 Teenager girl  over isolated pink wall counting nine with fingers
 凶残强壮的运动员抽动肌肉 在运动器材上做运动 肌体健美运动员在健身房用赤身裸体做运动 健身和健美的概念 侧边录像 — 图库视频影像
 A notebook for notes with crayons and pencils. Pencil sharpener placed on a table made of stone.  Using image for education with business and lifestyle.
§ §
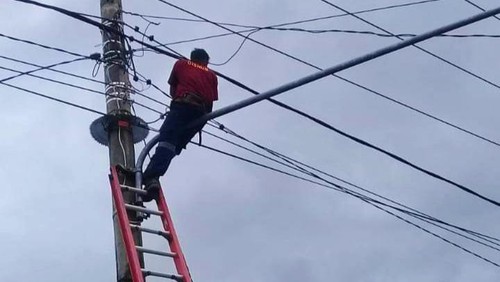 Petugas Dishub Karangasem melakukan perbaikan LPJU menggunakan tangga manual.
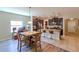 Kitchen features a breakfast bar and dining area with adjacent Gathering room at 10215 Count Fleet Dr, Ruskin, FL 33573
§ §
To do:
Set down only the lines above that fall between the line holding "凶残强壮的运动员抽动肌肉 在运动器材上做运动 肌体健美运动员在健身房用赤身裸体做运动" and the line holding "A notebook for", inclusive, keeping each exact.

Solution:
 凶残强壮的运动员抽动肌肉 在运动器材上做运动 肌体健美运动员在健身房用赤身裸体做运动 健身和健美的概念 侧边录像 — 图库视频影像
 A notebook for notes with crayons and pencils. Pencil sharpener placed on a table made of stone.  Using image for education with business and lifestyle.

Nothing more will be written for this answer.